US 11,886,516 B1
Generating synthetic data based on time series predictions and plural machine learning models
Austin Walters, Savoy, IL (US); and Jeremy Goodsitt, Champaign, IL (US)
Assigned to Capital One Services, LLC, McLean, VA (US)
Filed by Capital One Services, LLC, McLean, VA (US)
Filed on Sep. 12, 2022, as Appl. No. 17/931,166.
Int. Cl. G06F 16/00 (2019.01); G06F 16/906 (2019.01)

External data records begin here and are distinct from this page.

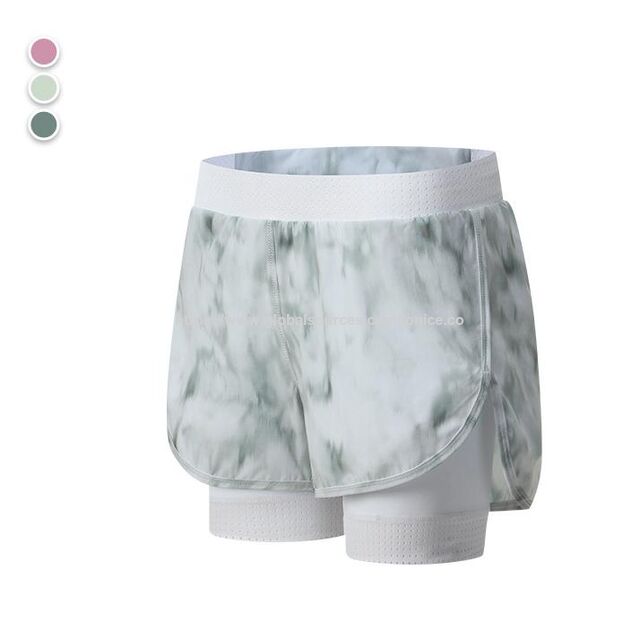 Short de sport 2 en 1 pour femmes, short de course respirant, short de gym à séchage rapide avec poches arrière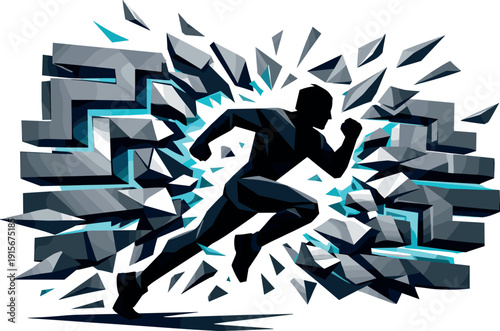 Low-poly vector illustration of a maze escape dash breakthrough moment, runner smashing through a collapsing maze barrier with a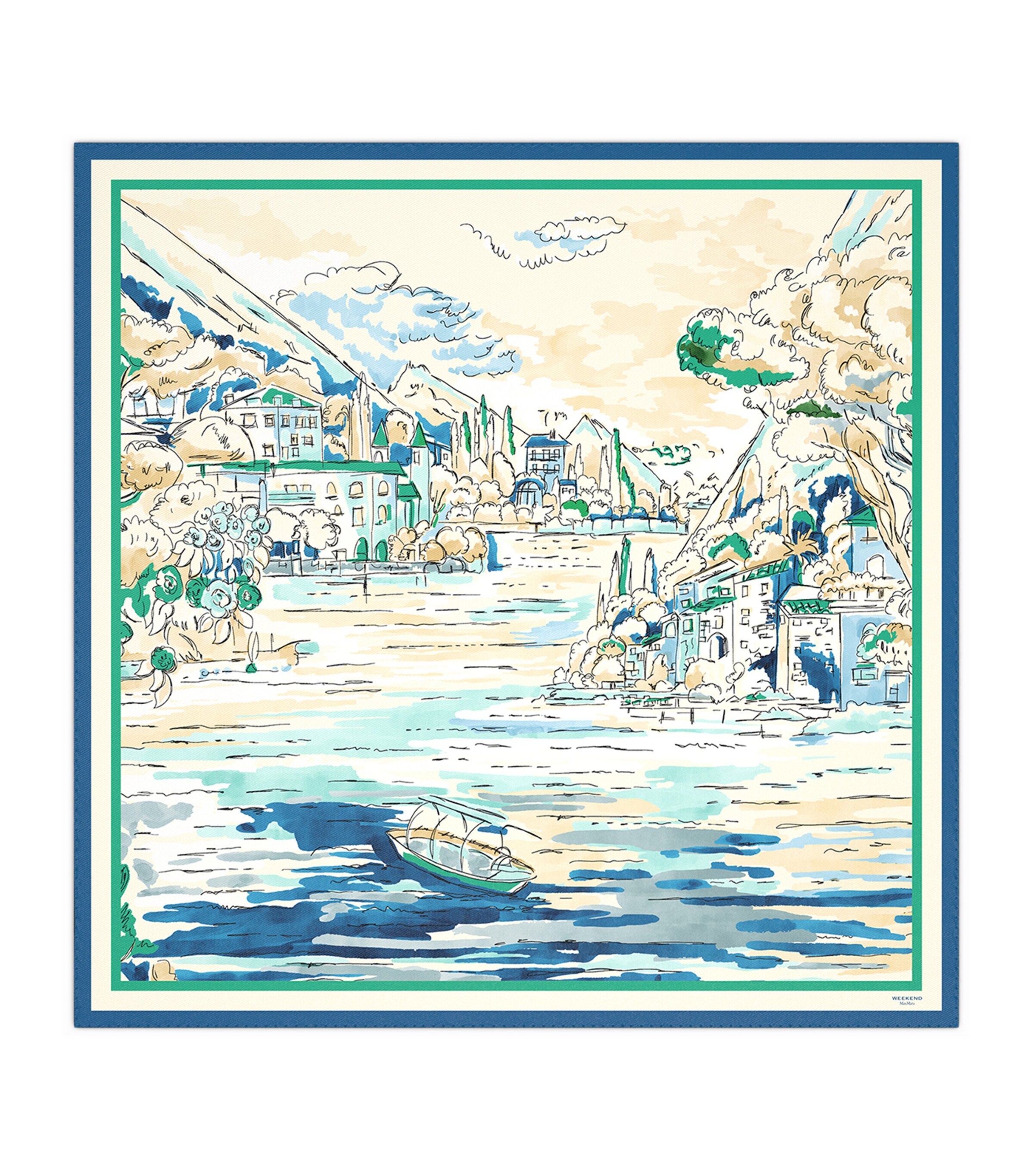 Weekend Max Mara Silk Lake Print Scarf China Blue Image 1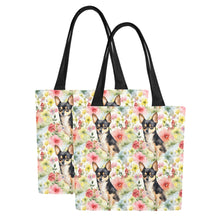 Load image into Gallery viewer, Pink Petals and Black and Tan Chihuahuas Large Canvas Tote Bags - Set of 2-Accessories-Accessories, Bags, Chihuahua-12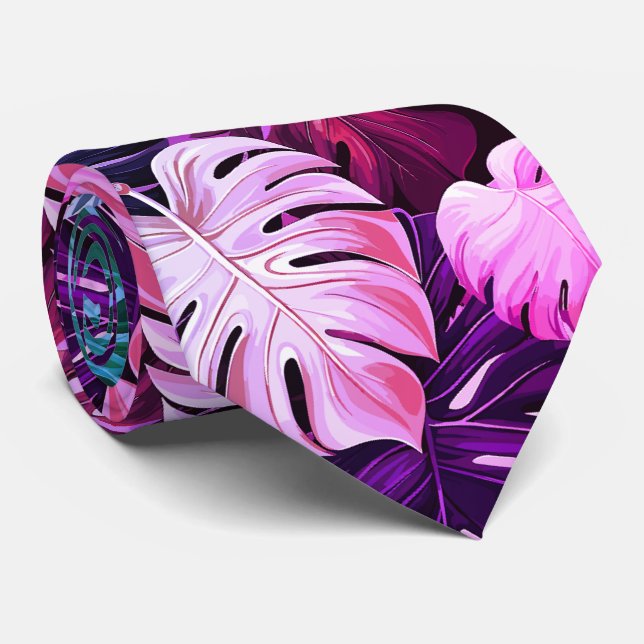 Pink Tropical Hawaiian monstera pattern  Tie (Rolled)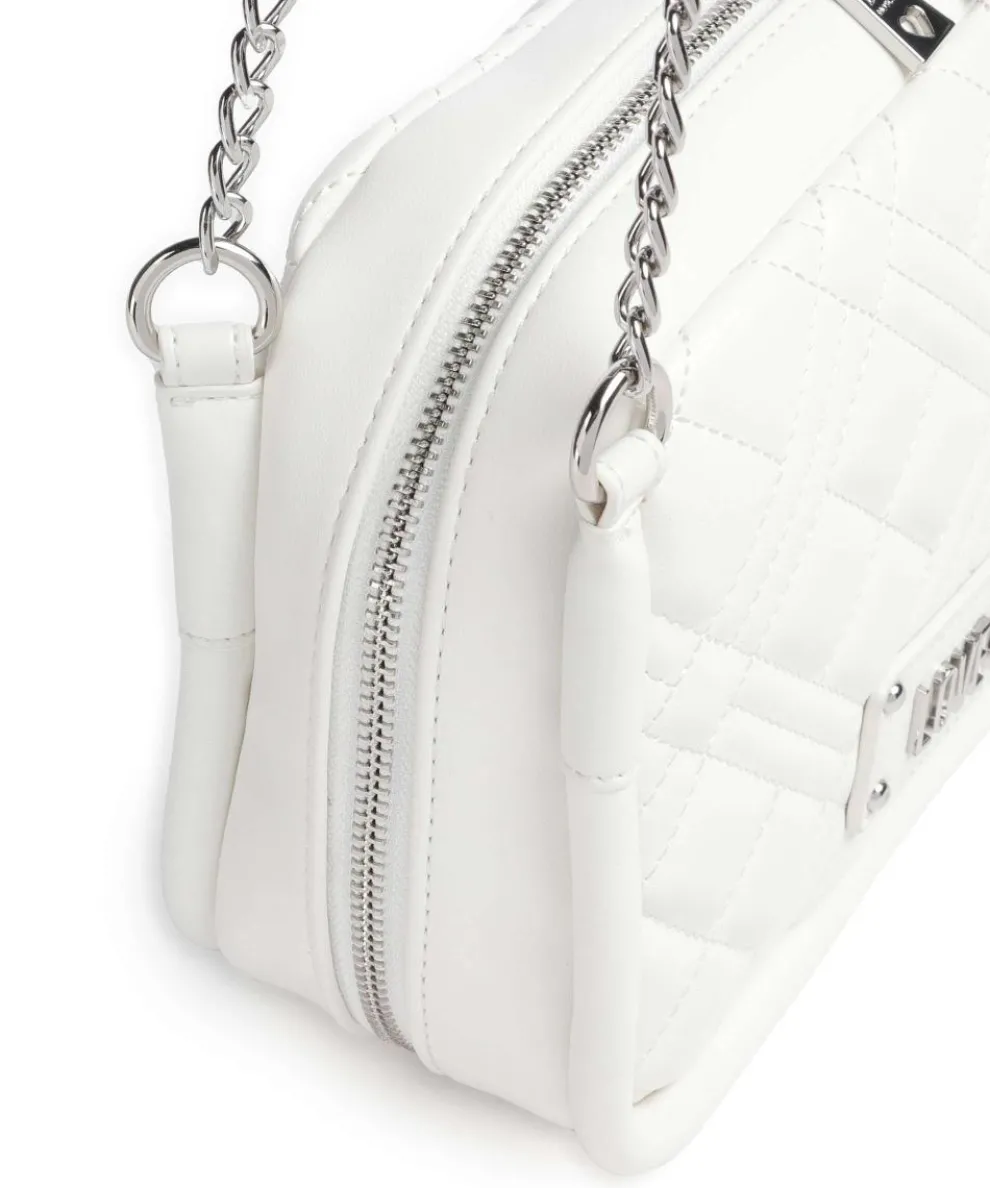 Quilted Schultertasche Lederimitat weiß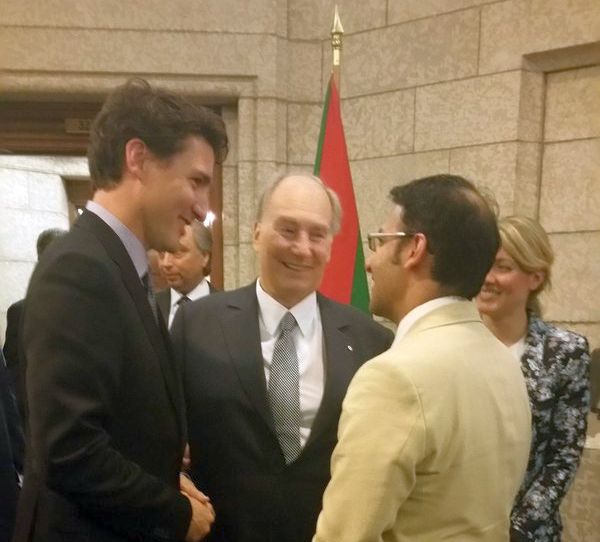 MP Arif Virani with His Highness the Aga Khan & PM Justin Trudeau at Parliament Hill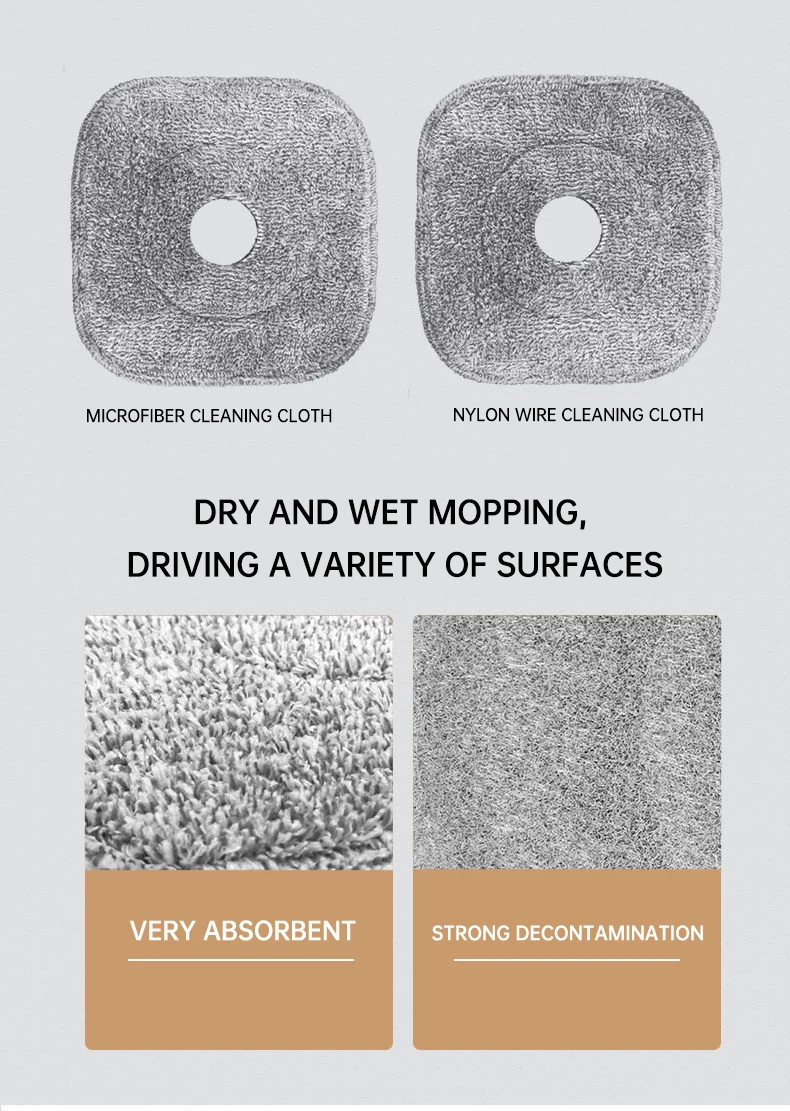 Mop Floor Clean Mop Household Hand-Free Rotary Mop Cleaning Hand Pressure Water-Absorbing Wet And Dry Dual-Use Flat Top Mop Set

CPC G06F 16/906 (2019.01) 20 Claims
OG exemplary drawing
 
1. A method comprising:
receiving, by one or more computing devices, one or more data records that include transaction data of a user;
based on applying one or more classification techniques to the one or more data records, determining, by the one or more computing devices, a first category for the one or more data records, wherein the first category is of a plurality of categories;
determining, by the one or more computing devices and based on the one or more data records, data record segments, wherein each segment of the data record segments includes a time step of the transaction data;
based on the data record segments, determining, by the one or more computing devices, first time series model input;
using a first model and the first time series model input, determining, by the one or more computing devices, a first predicted time step of predicted transaction data, wherein the first predicted time step is associated with the first category, wherein the first model is configured to predict first time steps associated with the first category, and wherein the first model is one of a plurality of machine learning models configured to predict time steps associated with the plurality of categories;
determining, by the one or more computing devices, second time series model input that includes the first predicted time step;
using the plurality of machine learning models and the second time series model input, determining, by the one or more computing devices, second predicted time steps of predicted transaction data, wherein the second predicted time steps are associated with the plurality of categories;
based on the first predicted time step and the second predicted time steps, determining, by the one or more computing devices, a plurality of potential time series of predicted transaction data;
determining, by the one or more computing devices, confidence values for the plurality of potential time series; and
based on the confidence values and based on the plurality of potential time series, determining, by the one or more computing devices, a synthetic time series for the user, wherein the synthetic time series includes the first predicted time step and one of the second predicted time steps.